Date: Saturday 11 May 2013
Time: 10.00 - 17.15
Venue: Lab 107, Anglia Ruskin University, East Road, Cambridge
Tickets: £12.00 per person (includes tea or coffee, but not lunch).
Bookings: Anglia Ruskin Online Store
Date: Saturday 11 May 2013
Time: 10.00 - 17.15
Venue: Lab 107, Anglia Ruskin University, East Road, Cambridge
Tickets: £12.00 per person (includes tea or coffee, but not lunch).
Bookings: Anglia Ruskin Online Store
Programme
(Please note that the organisers reserve the right to change the programme without notice)
10.00-10.30 Registration and coffee
10.30 'The Making of The Making of English Working Class'
David Goodway
This paper explores the threefold origins of The Making of English Working Class. First, there is Thompson's revision of Marxism in his first great book, William Morris: Romantic to Revolutionary, published in 1955. Then came the crisis in the Communist Party of Great Britain and Thompson's resignation, his untiring activity as the principal figure in the British New Left and equal commitment to the Campaign for Nuclear Disarmament.

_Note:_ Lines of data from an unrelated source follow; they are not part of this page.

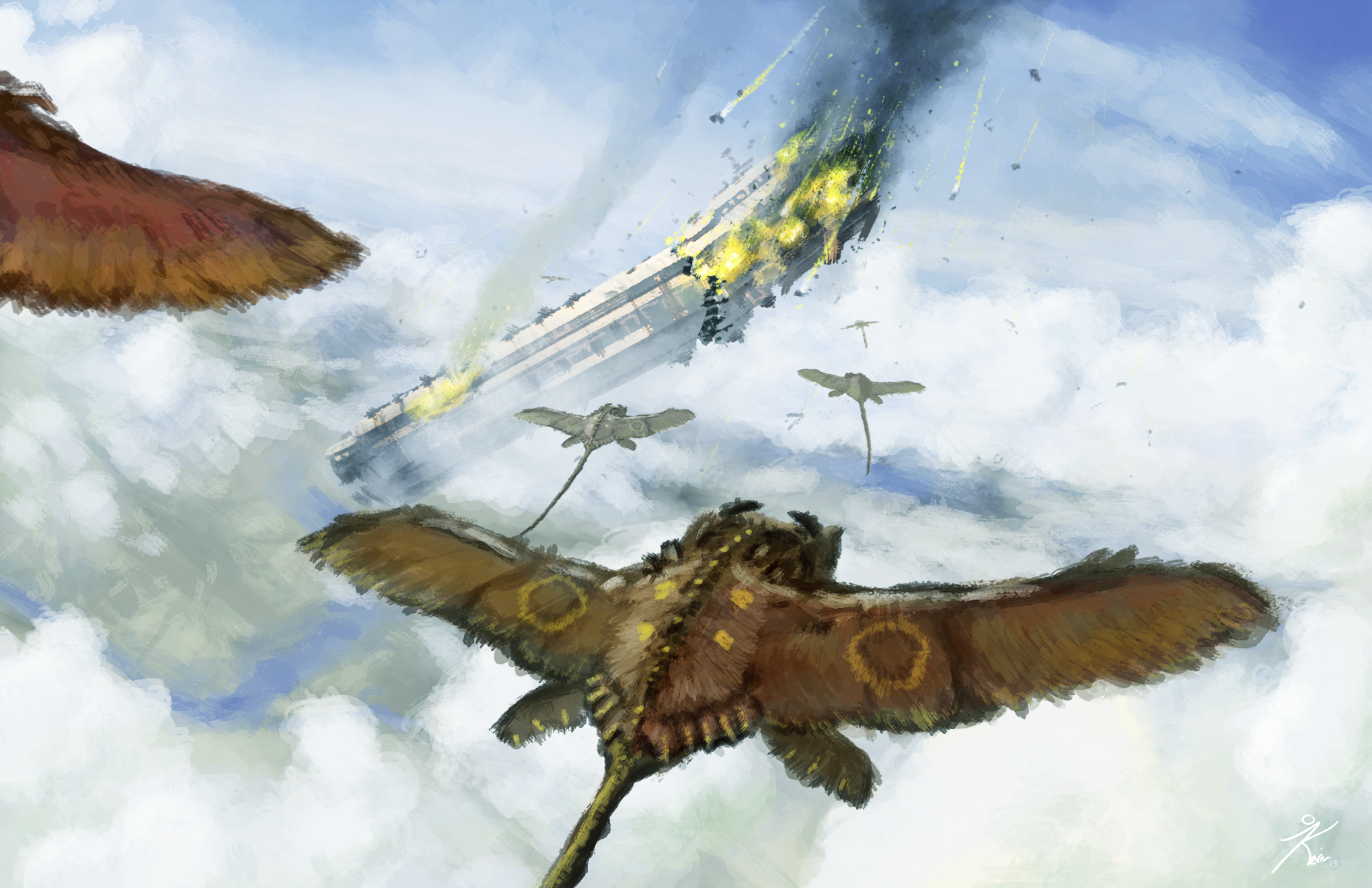 Sky Birds Bats Moths Clouds Spaceship Debris Fantasy Art Manta Rays Kev Art 2040x1320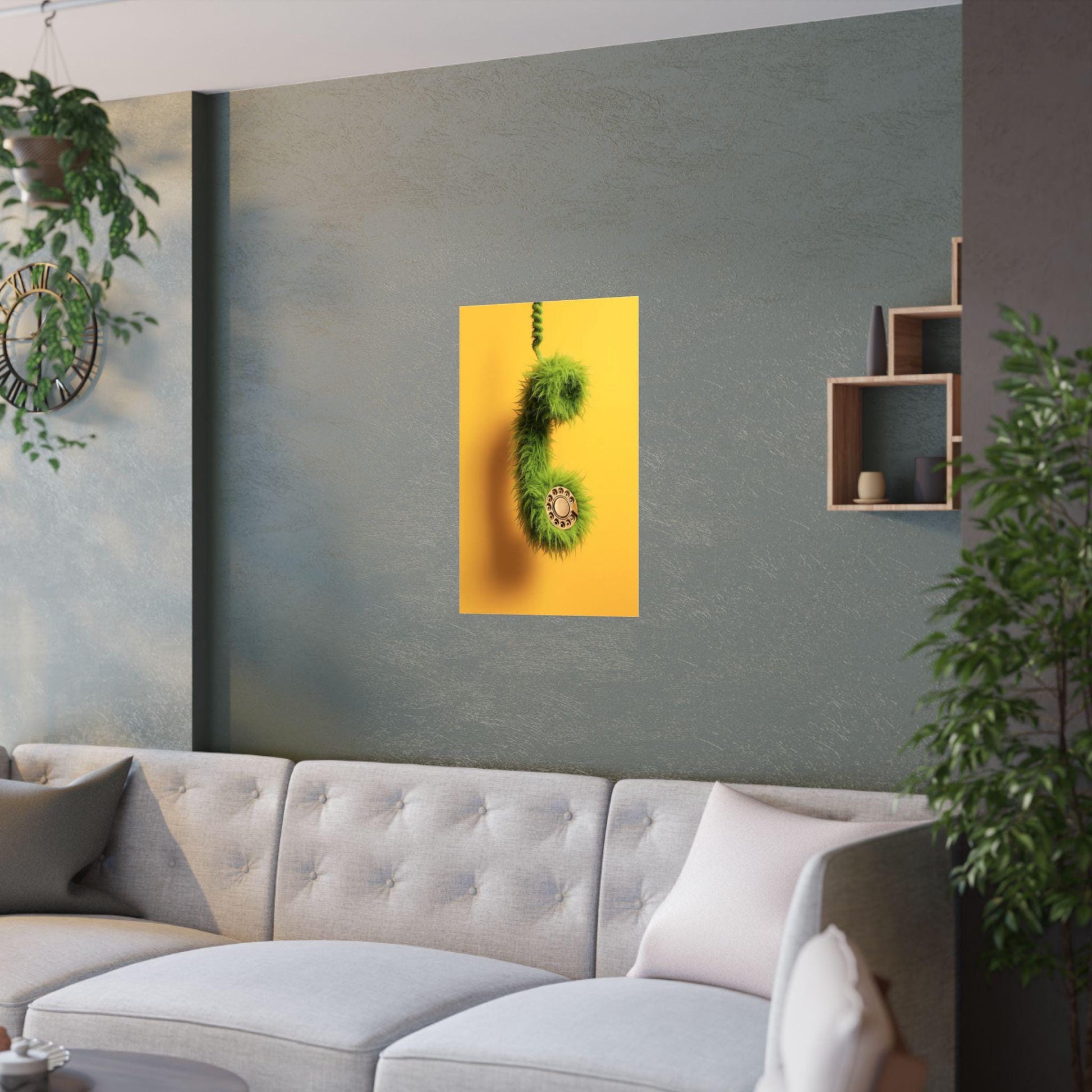 Whimsical Satin Poster with Retro Telephone Design, Fun Wall Art, Home Decor, Gift Idea, Unique Art Print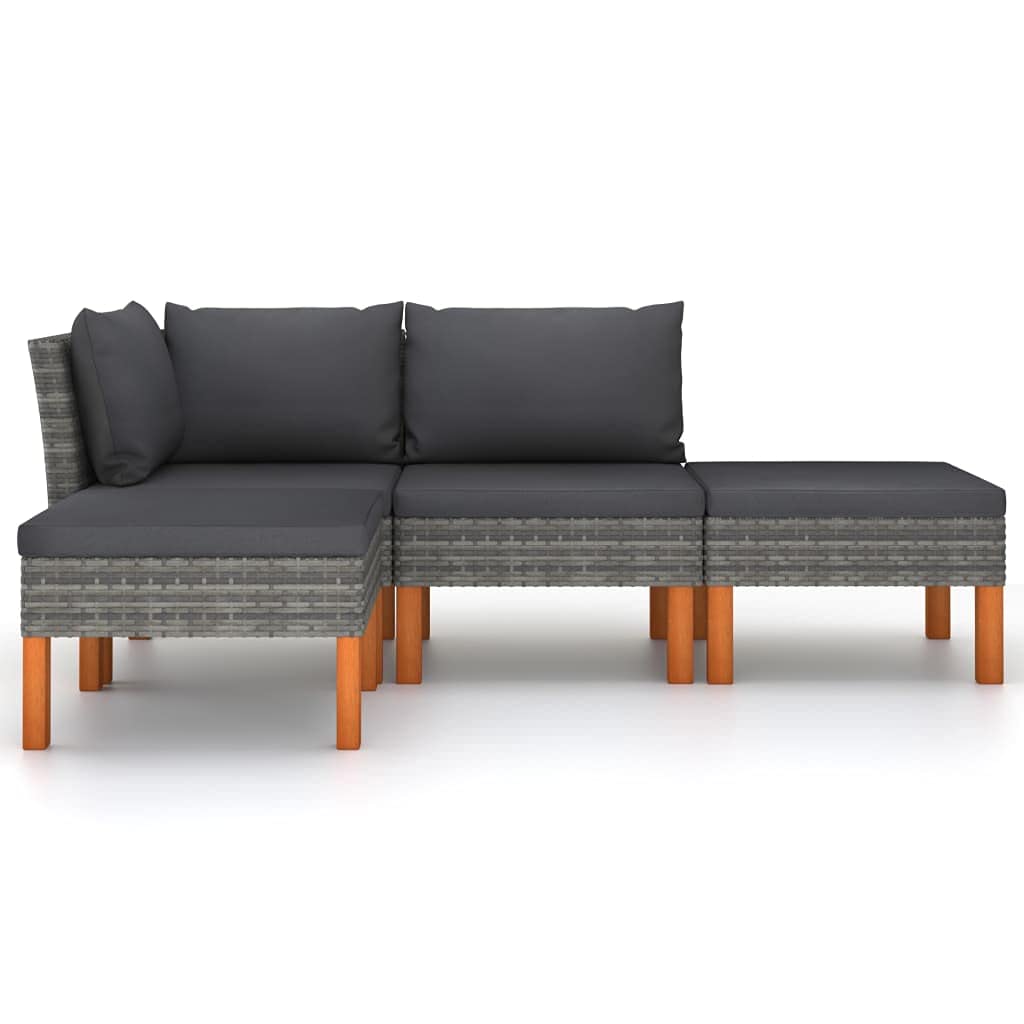 vidaXL Patio Lounge Set with Cushions - 4 Piece Outdoor Furniture Set, Poly Rattan Design, Weather-Resistant, Removable & Washable Cushion Covers, Gray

Particular attention, though, will be paid to the history classes he taught for the Department of Extra-Mural Studies, University of Leeds, where he was employed from 1948 to 1965.
David Goodway taught sociology, history and Victorian studies to mainly adult students from 1969 until the University of Leeds closed its School of Continuing Education in 2005. He was then, in 2006-7, Helen Cam Visiting Fellow in History at Girton College, Cambridge. For twenty years he has written principally on anarchism and libertarian socialism, including Anarchist Seeds beneath the Snow: Left-Libertarian Thought and British Writers from William Morris to Colin Ward (2007), reissued in a second edition in 2012. But his first book was London Chartism 1838-1848 (1982); and he is currently working on an edition of George Julian Harney's late journalism (1890-97).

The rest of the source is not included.